Create a new dataframe to store the values and clean entries according to specifications.

In [7]:
# fill dataframe with data
col_names = ['PostCode', 'Borough', 'Neighborhood']
df = pd.DataFrame({'PostCode':postcodes, 'Borough':boroughs, 'Neighborhood':neighborhoods}, columns=col_names)

# some neighborhood names contain an extra "\n" at the end, drop it
df['Neighborhood'] = df[['Neighborhood']].applymap(lambda x: x.split('\n')[0])

# drop any rows that does not have assigned value in the Borough column
df.drop(df[(df['Borough'] == 'Not assigned')].index, axis=0, inplace=True)

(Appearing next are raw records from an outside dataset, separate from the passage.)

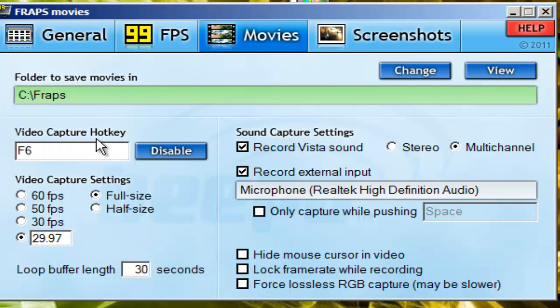This is just your capture hotkey. So for me it's F6 — once I click F6, that's when it starts recording.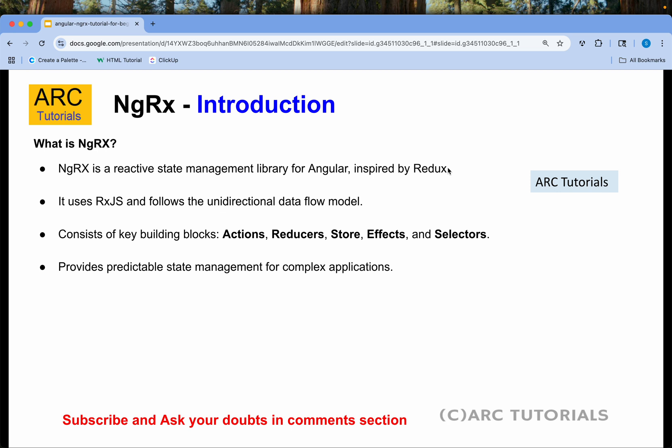NGRX underneath uses RxJS, which follows the unidirectional data flow model. When you talk about NGRX, I want you to remember five words: Actions, Reducers, Store, Effects, and Selectors. What each one of these is, I will show in each episode. I'll break it down in the most simple, easiest way for you to understand, implement, and start writing them.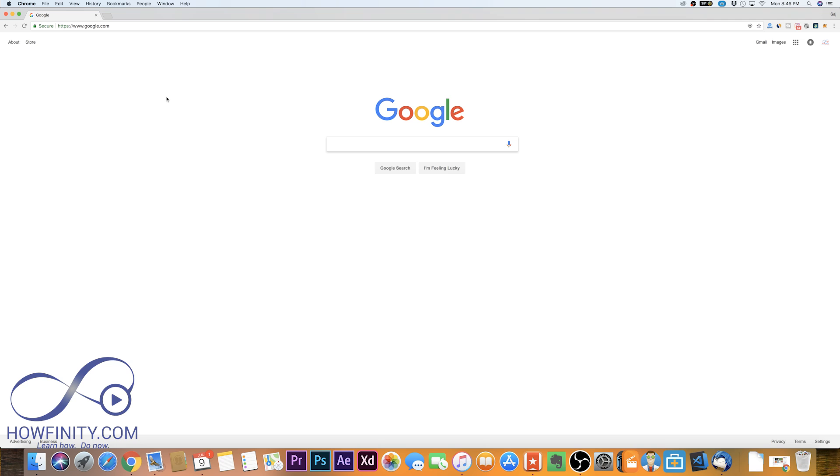Chrome extensions that you're not using could really bog down your browser, so it's a good idea to remove the unused ones once in a while.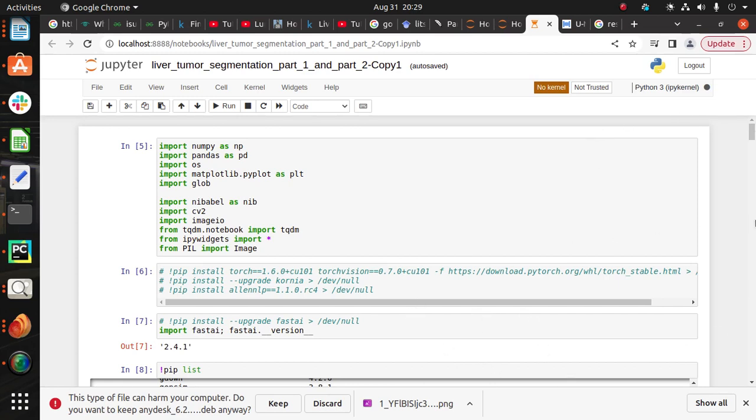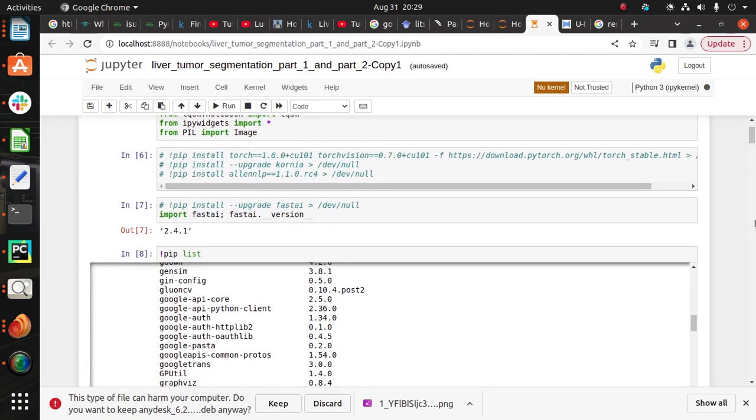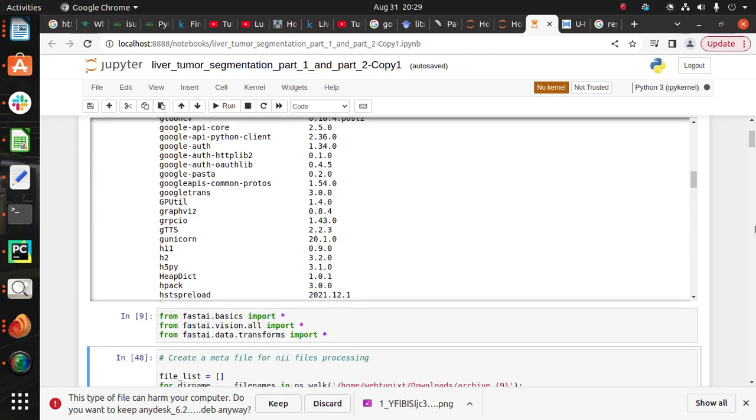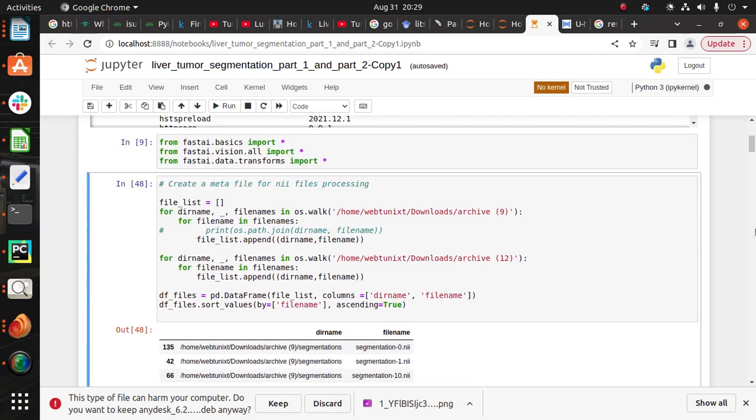After that, create a meta file for the NN file preprocessing. A meta file is a text file that contains the name of the image files. So in the notebook you can see the segmentation and the volume dot NN files.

# replace "Not assigned" entries in the Neighborhood column with the row's corresponding borough value
no_neighb_idx = (df['Neighborhood'] == 'Not assigned')
df['Neighborhood'].loc[no_neighb_idx] = df['Borough'].loc[no_neighb_idx]

# combine rows with same the post code into the same neighborhood entry that is separated by commas
df = df.groupby(['PostCode', 'Borough'], sort=False)['Neighborhood'].apply(', '.join).reset_index()

df.head(20)

Unnamed: 0,PostCode,Borough,Neighborhood
0,M3A,North York,Parkwoods
1,M4A,North York,Victoria Village
2,M5A,Downtown Toronto,"Harbourfront, Regent Park"
3,M6A,North York,"Lawrence Heights, Lawrence Manor"
4,M7A,Queen's Park,Queen's Park
5,M9A,Etobicoke,Islington Avenue
6,M1B,Scarborough,"Rouge, Malvern"
7,M3B,North York,Don Mills North
8,M4B,East York,"Woodbine Gardens, Parkview Hill"
9,M5B,Downtown Toronto,"Ryerson, Garden District"


In [8]:
print('The number of samples in this dataset is {}'.format(df.shape[0]))

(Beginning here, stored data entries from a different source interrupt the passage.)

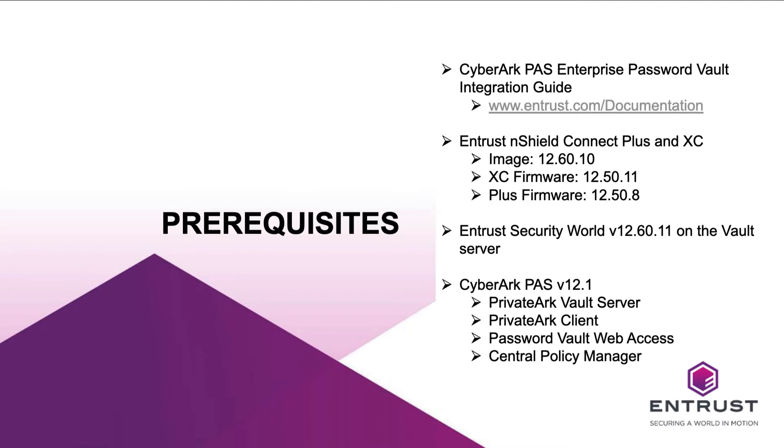In addition, familiarize yourself with the nShield HSM Installation and User Guides, as well as CyberArk Documentation for Installed and Privileged Access Security.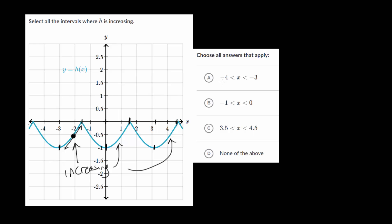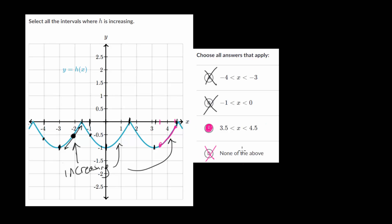Looking at the answer choices, from minus 4 to minus 3, that looks to be decreasing — the y values go down — so that's not right. From minus 1 to 0, we are again decreasing, the y values are getting smaller, so that's not correct either. And the last one, from 3.5 to 4.5, it actually is increasing. So choice C is the correct answer, which means it can't be none of the above.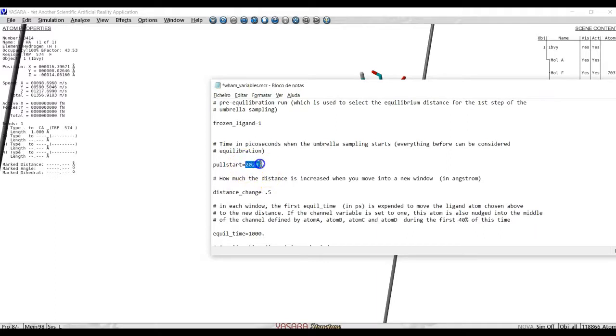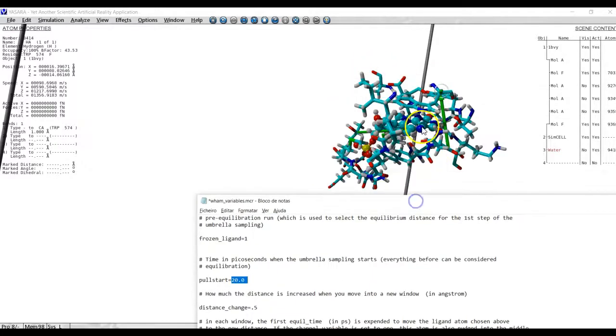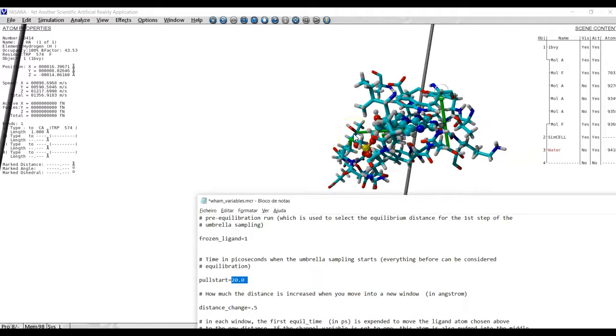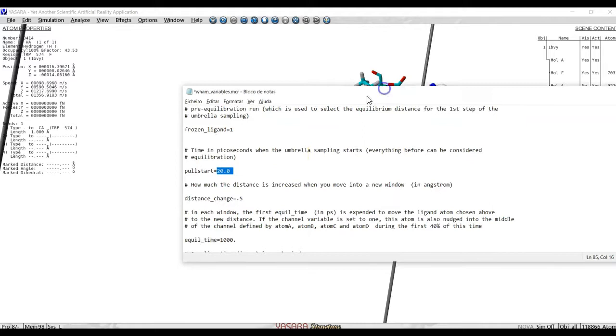Pull start is a variable which tells us how long will the computer take the average distances between those two atoms, the ligand and the receptor, before setting the spring on. So it's just used to select the initial size of the spring.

The number of samples in this dataset is 103


## Part 2: Convert Toronto neighborhood data into geospatial coordinates
In order to use Foursquare location data with above neighborhood data, we need to first find the corresponding spatial coordinates (e.g. latitude, longitude).

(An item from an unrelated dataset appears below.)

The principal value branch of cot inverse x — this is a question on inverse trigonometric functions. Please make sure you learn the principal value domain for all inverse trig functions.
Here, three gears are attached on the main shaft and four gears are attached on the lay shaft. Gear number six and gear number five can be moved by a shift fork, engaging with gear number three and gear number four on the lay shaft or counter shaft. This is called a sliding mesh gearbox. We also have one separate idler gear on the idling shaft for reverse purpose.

Get the data from csv file.

In [9]:
!wget -q -O 'geospatial_data.csv' http://cocl.us/Geospatial_data # -q = quiet, -O = output name

In [18]:
geo_data = pd.read_csv('geospatial_data.csv')
geo_data.rename(columns={'Postal Code':'PostCode'}, inplace=True)
geo_data.head()

Unnamed: 0,PostCode,Latitude,Longitude
0,M1B,43.806686,-79.194353
1,M1C,43.784535,-79.160497
2,M1E,43.763573,-79.188711
3,M1G,43.770992,-79.216917
4,M1H,43.773136,-79.239476


Join geospatial data (geo_data) with Toronto neighborhood data (df) into one dataframe on the _PostCode_ column.

In [21]:
df2 = df.join(geo_data.set_index('PostCode'), on='PostCode')
df2.head()

Unnamed: 0,PostCode,Borough,Neighborhood,Latitude,Longitude
0,M3A,North York,Parkwoods,43.753259,-79.329656
1,M4A,North York,Victoria Village,43.725882,-79.315572
2,M5A,Downtown Toronto,"Harbourfront, Regent Park",43.65426,-79.360636
3,M6A,North York,"Lawrence Heights, Lawrence Manor",43.718518,-79.464763
4,M7A,Queen's Park,Queen's Park,43.662301,-79.389494